Transformers: Convert 12-1 and 6-1 en-de models from AllenNLP

Created on 10 Sep 2020 · 19Comments · Source: huggingface/transformers

https://github.com/jungokasai/deep-shallow#download-trained-deep-shallow-models

These should be FSMT models, so can be part of #6940 or done after.
They should be uploaded to the AllenNLP namespace. If stas takes this, they can start in stas/ and I will move them.
model card(s) should link to the original repo and paper.
I hope same en-de tokenizer already ported.
Would be interesting to compare BLEU to the initial models in that PR. There is no ensemble so we should be able to reported scores pretty well.
Ideally this requires 0 lines of checked in python code, besides maybe an integration test.

Desired Signature:

model = FSMT.from_pretrained('allen_nlp/en-de-12-1')

Weights can be downloaded with gdown https://pypi.org/project/gdown/

pip install gdown
gdown https://drive.google.com/uc?id=1x_G2cjvM1nW5hjAB8-vWxRqtQTlmIaQU

@stas00 if you are blocked in the late stages of #6940 and have extra cycles, you could give this a whirl. We could also wait for that to be finalized and then either of us can take this.

New model

Source

sshleifer

All 19 comments

I can work on these

But first I have a question: who would be a user of these wmt16-based models when there are several wmt19 en-de models (marian+fairseq wmt) which are significantly better with scores at ~41 and 43 respectively, vs 28 in this one.

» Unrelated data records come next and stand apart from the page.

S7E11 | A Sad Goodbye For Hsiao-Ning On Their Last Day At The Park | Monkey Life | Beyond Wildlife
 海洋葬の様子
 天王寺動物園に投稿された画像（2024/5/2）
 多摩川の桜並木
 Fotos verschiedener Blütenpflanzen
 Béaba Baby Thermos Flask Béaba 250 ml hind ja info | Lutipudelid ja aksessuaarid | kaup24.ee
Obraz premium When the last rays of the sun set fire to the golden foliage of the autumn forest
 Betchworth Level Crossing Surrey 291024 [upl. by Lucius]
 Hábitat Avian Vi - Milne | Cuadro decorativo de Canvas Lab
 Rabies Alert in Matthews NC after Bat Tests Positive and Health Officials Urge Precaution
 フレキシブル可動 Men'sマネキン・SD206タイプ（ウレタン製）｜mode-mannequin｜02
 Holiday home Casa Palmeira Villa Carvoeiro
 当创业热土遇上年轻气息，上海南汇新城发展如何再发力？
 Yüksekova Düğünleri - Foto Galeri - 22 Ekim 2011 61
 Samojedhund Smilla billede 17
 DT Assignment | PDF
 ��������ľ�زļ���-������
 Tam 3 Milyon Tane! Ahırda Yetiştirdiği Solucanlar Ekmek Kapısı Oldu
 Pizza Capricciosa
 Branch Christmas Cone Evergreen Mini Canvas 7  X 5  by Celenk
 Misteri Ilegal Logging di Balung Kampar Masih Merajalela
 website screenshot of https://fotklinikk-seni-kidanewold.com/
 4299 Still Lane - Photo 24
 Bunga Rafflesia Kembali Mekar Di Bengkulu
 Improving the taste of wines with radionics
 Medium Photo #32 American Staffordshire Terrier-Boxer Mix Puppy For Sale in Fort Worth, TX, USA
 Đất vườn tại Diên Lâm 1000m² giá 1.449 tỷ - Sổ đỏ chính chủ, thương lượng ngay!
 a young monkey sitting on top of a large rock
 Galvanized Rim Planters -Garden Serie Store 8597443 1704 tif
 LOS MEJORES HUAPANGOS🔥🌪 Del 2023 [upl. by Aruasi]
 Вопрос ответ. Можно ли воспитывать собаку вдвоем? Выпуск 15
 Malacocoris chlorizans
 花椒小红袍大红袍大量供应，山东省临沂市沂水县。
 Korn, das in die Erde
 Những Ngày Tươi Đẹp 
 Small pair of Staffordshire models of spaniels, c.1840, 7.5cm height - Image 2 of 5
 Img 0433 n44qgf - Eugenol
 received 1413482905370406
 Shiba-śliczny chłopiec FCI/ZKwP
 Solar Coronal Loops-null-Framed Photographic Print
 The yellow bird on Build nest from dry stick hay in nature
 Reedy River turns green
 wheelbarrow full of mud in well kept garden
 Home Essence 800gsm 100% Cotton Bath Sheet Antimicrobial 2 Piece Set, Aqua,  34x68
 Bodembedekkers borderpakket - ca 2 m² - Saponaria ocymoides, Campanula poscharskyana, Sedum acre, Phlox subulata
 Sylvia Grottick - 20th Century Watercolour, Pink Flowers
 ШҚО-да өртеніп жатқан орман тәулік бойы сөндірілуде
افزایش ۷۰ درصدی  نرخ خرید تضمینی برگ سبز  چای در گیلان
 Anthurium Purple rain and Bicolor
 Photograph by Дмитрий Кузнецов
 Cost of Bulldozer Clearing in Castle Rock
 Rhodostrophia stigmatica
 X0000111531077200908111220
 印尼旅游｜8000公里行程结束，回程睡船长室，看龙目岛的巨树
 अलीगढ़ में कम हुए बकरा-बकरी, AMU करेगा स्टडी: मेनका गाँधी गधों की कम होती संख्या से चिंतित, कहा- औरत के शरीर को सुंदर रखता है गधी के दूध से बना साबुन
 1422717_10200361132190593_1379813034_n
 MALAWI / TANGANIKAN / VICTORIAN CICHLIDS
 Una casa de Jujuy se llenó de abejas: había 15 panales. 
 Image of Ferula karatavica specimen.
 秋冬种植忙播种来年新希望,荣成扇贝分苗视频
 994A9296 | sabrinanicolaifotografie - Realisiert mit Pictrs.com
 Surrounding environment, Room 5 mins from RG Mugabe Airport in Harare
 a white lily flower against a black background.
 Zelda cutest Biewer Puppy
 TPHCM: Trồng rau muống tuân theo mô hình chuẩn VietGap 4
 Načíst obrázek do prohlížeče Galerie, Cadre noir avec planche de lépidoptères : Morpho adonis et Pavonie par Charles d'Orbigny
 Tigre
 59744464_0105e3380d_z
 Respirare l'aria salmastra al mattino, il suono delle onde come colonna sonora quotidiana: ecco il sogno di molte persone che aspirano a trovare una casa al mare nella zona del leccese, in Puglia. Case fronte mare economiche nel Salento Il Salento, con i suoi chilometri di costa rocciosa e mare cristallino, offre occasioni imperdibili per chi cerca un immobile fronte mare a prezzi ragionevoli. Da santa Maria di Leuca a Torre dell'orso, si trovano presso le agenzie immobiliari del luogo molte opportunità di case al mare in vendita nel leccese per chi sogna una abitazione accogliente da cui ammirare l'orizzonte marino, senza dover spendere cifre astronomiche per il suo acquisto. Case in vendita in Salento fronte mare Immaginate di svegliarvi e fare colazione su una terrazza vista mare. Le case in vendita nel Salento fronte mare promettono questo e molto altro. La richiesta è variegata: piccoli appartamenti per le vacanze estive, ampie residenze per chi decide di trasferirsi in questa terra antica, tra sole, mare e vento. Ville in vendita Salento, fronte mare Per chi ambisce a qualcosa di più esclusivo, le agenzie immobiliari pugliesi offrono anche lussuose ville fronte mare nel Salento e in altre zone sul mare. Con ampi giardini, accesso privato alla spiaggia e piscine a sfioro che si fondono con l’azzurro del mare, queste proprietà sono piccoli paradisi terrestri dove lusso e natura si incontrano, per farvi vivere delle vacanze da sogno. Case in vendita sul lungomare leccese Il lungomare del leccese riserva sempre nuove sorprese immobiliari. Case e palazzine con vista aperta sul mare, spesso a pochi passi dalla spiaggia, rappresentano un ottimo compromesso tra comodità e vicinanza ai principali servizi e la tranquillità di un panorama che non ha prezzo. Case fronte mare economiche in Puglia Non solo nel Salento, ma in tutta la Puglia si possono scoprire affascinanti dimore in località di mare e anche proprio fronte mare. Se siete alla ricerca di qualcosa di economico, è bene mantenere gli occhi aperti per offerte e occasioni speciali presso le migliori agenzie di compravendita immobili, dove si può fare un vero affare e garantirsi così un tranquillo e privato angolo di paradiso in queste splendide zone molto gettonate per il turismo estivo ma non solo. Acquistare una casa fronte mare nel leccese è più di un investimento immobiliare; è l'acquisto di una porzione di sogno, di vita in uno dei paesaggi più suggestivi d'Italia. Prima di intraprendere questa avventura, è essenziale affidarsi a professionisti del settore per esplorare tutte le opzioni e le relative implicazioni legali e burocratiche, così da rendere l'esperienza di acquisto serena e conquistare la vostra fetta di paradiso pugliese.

wmt19 is a vastly bigger dataset, so it makes sense that it'd beat wmt16-based pre-trained models.

stas00 on 10 Sep 2020

❤1

since different dataset, different val set, which implies that 28 and 41 are not comparable BLEU scores.
These models should be significantly faster than the Marian models at similar performance levels.
We can finetune them on the new data if we think that will help.
FYI Helinki-NLP/opus-mt-en-de trained on way more data than the fairseq model I think, not totally sure.

sshleifer on 10 Sep 2020

❤1

Seems like embeddings will be shared in these.

sshleifer on 10 Sep 2020

Converted and did the initial eval with the same wmt19 val set, with beam=15

checkpoint_best.pt:

allen_nlp-wmt16-en-de-dist_12-1
{'bleu': 30.1995, 'n_obs': 1997, 'runtime': 233, 'seconds_per_sample': 0.1167}

allen_nlp-wmt16-en-de-dist_6-1
{'bleu': 29.3692, 'n_obs': 1997, 'runtime': 236, 'seconds_per_sample': 0.1182}

allen_nlp-wmt16-en-de-12-1
{'bleu': 24.3901, 'n_obs': 1997, 'runtime': 280, 'seconds_per_sample': 0.1402}

checkpoint_top5_average.pt:

allen_nlp-wmt16-en-de-dist_12-1
{'bleu': 30.1078, 'n_obs': 1997, 'runtime': 239, 'seconds_per_sample': 0.1197}

which is more or less about the same BLEU scores reported on the model's page.

I will re-check tomorrow that I haven't made any mistakes, but this is far from wmt19 model's scores, which is not surprising given the difference in the amount of training data.

Using wmt16 dataset was probably sufficient to support the ideas in the paper, but it doesn't appear to be very practical for the end user, unless it's re-trained with a much bigger dataset (and wmt20 is imminent and probably will be even bigger).

I guess I should also re-eval against wmt16 eval set, so that we also compare their bleu scores to the ported model - to ensure it works as good as the original. Will post results tomorrow.

stas00 on 11 Sep 2020

That is shockingly low/suggests a bug somewhere. To big of a discrepancy to explain with training data. I can't find your en-de BLEU from the en-de but I remember 40.8 for Marian, which shouldn't be worse.
Can you check your work/ look at translations a bit, then upload the model to stas/ so that I can take a look from your PR branch?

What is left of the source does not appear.